-- Work to complete --
Your task is to copy the lines of the data below from the line holding "Drag Race España background" through the line holding "Rent, apartment, 45m², Voždovac", inclusive, exactly and with nothing added.

(Data records begins)

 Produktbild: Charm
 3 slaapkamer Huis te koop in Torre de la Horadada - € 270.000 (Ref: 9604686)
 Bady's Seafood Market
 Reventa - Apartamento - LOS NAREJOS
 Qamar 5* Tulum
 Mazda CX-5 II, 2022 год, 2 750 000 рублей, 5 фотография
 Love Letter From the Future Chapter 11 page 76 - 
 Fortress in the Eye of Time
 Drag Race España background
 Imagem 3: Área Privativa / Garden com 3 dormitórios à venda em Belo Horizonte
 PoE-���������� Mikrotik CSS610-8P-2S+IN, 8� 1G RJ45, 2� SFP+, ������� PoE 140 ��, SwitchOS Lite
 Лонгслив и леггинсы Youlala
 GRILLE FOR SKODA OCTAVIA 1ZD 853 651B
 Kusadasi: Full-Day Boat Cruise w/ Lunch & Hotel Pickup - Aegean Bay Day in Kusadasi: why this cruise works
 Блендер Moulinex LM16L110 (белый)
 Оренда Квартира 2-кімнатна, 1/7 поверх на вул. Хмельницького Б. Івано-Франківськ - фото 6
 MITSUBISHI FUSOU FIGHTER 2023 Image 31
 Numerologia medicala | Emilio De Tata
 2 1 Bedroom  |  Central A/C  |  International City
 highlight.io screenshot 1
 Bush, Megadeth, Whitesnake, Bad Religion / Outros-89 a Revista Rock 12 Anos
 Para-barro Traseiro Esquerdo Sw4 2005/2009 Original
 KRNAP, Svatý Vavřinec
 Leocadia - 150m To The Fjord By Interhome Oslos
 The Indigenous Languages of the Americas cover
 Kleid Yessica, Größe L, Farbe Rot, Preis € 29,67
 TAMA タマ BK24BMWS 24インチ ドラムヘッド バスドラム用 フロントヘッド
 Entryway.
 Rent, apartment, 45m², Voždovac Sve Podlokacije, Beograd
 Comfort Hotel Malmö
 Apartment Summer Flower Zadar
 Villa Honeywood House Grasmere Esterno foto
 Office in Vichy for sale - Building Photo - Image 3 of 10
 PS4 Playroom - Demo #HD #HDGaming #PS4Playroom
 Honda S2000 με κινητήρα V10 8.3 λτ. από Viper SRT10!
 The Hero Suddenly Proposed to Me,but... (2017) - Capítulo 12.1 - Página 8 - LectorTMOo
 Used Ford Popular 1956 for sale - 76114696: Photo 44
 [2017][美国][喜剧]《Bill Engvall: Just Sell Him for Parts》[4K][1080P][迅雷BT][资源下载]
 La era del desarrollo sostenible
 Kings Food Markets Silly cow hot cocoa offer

(Data records ends)

-- Task response --
 Drag Race España background
 Imagem 3: Área Privativa / Garden com 3 dormitórios à venda em Belo Horizonte
 PoE-���������� Mikrotik CSS610-8P-2S+IN, 8� 1G RJ45, 2� SFP+, ������� PoE 140 ��, SwitchOS Lite
 Лонгслив и леггинсы Youlala
 GRILLE FOR SKODA OCTAVIA 1ZD 853 651B
 Kusadasi: Full-Day Boat Cruise w/ Lunch & Hotel Pickup - Aegean Bay Day in Kusadasi: why this cruise works
 Блендер Moulinex LM16L110 (белый)
 Оренда Квартира 2-кімнатна, 1/7 поверх на вул. Хмельницького Б. Івано-Франківськ - фото 6
 MITSUBISHI FUSOU FIGHTER 2023 Image 31
 Numerologia medicala | Emilio De Tata
 2 1 Bedroom  |  Central A/C  |  International City
 highlight.io screenshot 1
 Bush, Megadeth, Whitesnake, Bad Religion / Outros-89 a Revista Rock 12 Anos
 Para-barro Traseiro Esquerdo Sw4 2005/2009 Original
 KRNAP, Svatý Vavřinec
 Leocadia - 150m To The Fjord By Interhome Oslos
 The Indigenous Languages of the Americas cover
 Kleid Yessica, Größe L, Farbe Rot, Preis € 29,67
 TAMA タマ BK24BMWS 24インチ ドラムヘッド バスドラム用 フロントヘッド
 Entryway.
 Rent, apartment, 45m², Voždovac Sve Podlokacije, Beograd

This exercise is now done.